# Heapsort

Class A run of the heapsort algorithm sorting an array of randomly permuted values. In the first stage of the algorithm the array elements are reordered to satisfy the heap property. Before the actual sorting takes place, the heap tree structure is shown briefly for illustration. Sorting algorithm Array ${\displaystyle O(n\log n)}$ ${\displaystyle \Omega (n),O(n\log n)}$[1] ${\displaystyle O(n\log n)}$ ${\displaystyle O(1)}$ auxiliary

In computer science, heapsort is a comparison-based sorting algorithm. Heapsort can be thought of as an improved selection sort: like that algorithm, it divides its input into a sorted and an unsorted region, and it iteratively shrinks the unsorted region by extracting the largest element and moving that to the sorted region. The improvement consists of the use of a heap data structure rather than a linear-time search to find the maximum.[2]

Although somewhat slower in practice on most machines than a well-implemented quicksort, it has the advantage of a more favorable worst-case O(n log n) runtime. Heapsort is an in-place algorithm, but it is not a stable sort.

Heapsort was invented by J. W. J. Williams in 1964.[3] This was also the birth of the heap, presented already by Williams as a useful data structure in its own right.[4] In the same year, R. W. Floyd published an improved version that could sort an array in-place, continuing his earlier research into the treesort algorithm.[4]

## Overview

The heapsort algorithm can be divided into two parts.

In the first step, a heap is built out of the data. The heap is often placed in an array with the layout of a complete binary tree. The complete binary tree maps the binary tree structure into the array indices; each array index represents a node; the index of the node's parent, left child branch, or right child branch are simple expressions. For a zero-based array, the root node is stored at index 0; if i is the index of the current node, then

iParent(i)     = floor((i-1) / 2)
iLeftChild(i)  = 2*i + 1
iRightChild(i) = 2*i + 2

In the second step, a sorted array is created by repeatedly removing the largest element from the heap (the root of the heap), and inserting it into the array.
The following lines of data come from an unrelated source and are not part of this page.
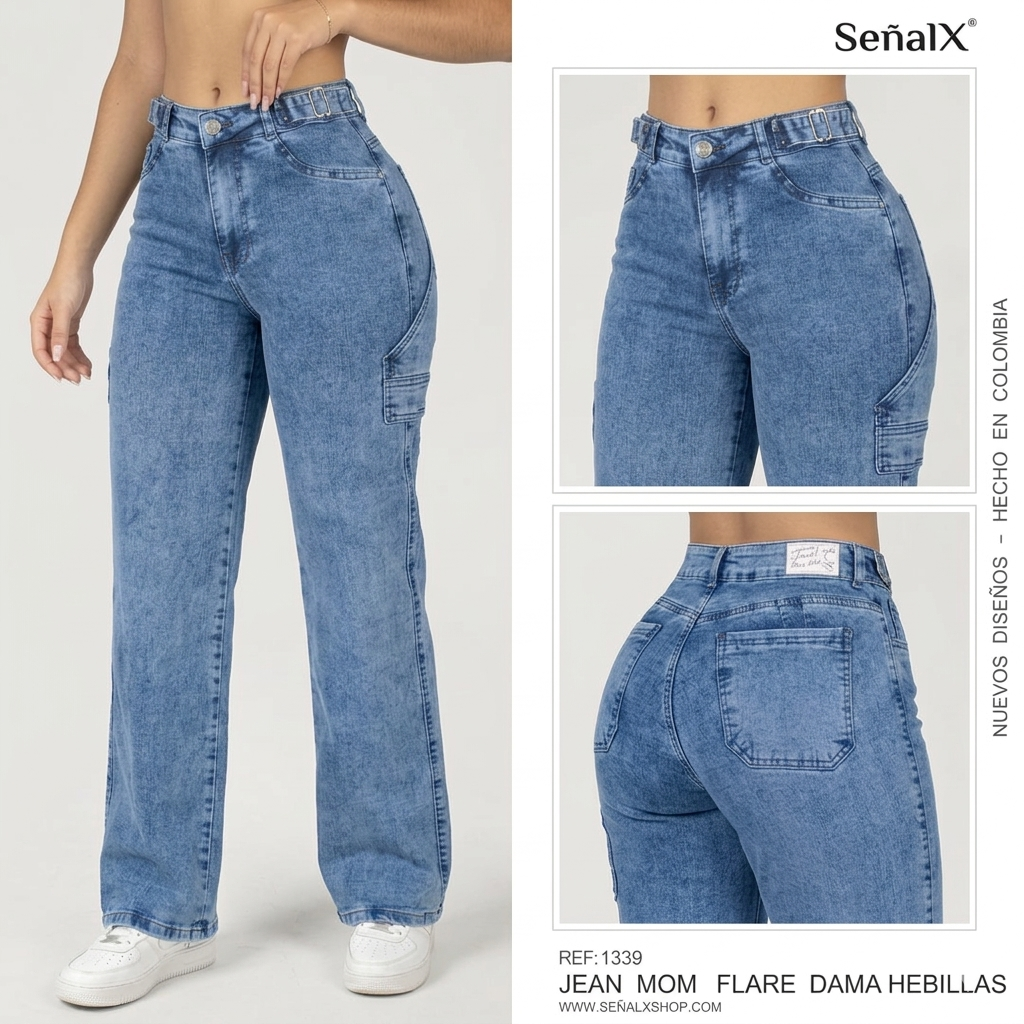 Jeans mujer Mom Flare 1339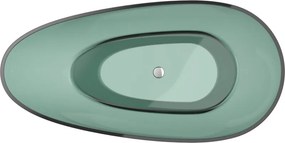 Mexen Glass wanna wolnostojąca transparentna 170 x 85 cm, teal, korek chrom - 58061708511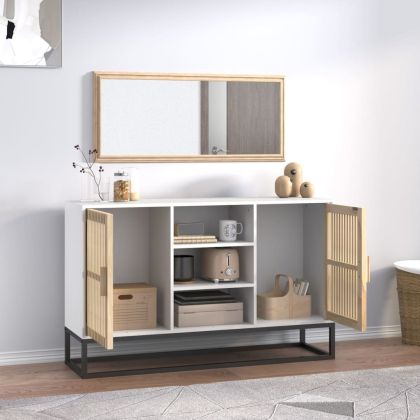 Бюфет, бял, 105x30x65 см, инженерно дърво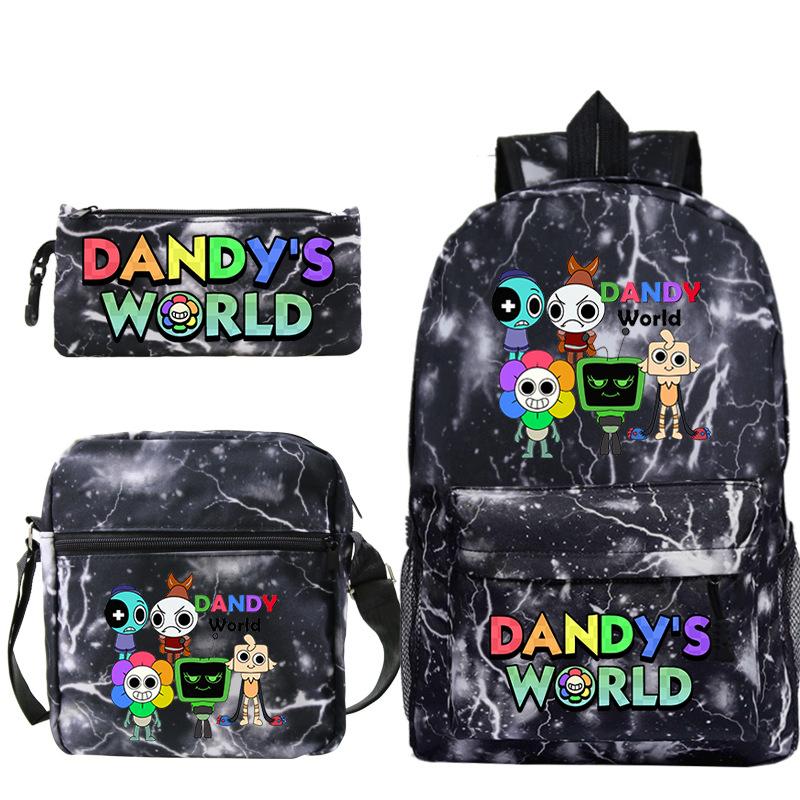 Dandy's world hot-selling children's backpack set, primary and secondary school bag, shoulder bag, casual pencil bag.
The heap is updated after each removal to maintain the heap. Once all objects have been removed from the heap, the result is a sorted array.

Heapsort can be performed in place. The array can be split into two parts, the sorted array and the heap. The storage of heaps as arrays is diagrammed here. The heap's invariant is preserved after each extraction, so the only cost is that of extraction.

## Algorithm

The heapsort algorithm involves preparing the list by first turning it into a max heap. The algorithm then repeatedly swaps the first value of the list with the last value, decreasing the range of values considered in the heap operation by one, and sifting the new first value into its position in the heap. This repeats until the range of considered values is one value in length.

The steps are:

1. Call the buildMaxHeap() function on the list. Also referred to as heapify(), this builds a heap from a list in O(n) operations.
2. Swap the first element of the list with the final element. Decrease the considered range of the list by one.
3. Call the siftDown() function on the list to sift the new first element to its appropriate index in the heap.
4. Go to step (2) unless the considered range of the list is one element.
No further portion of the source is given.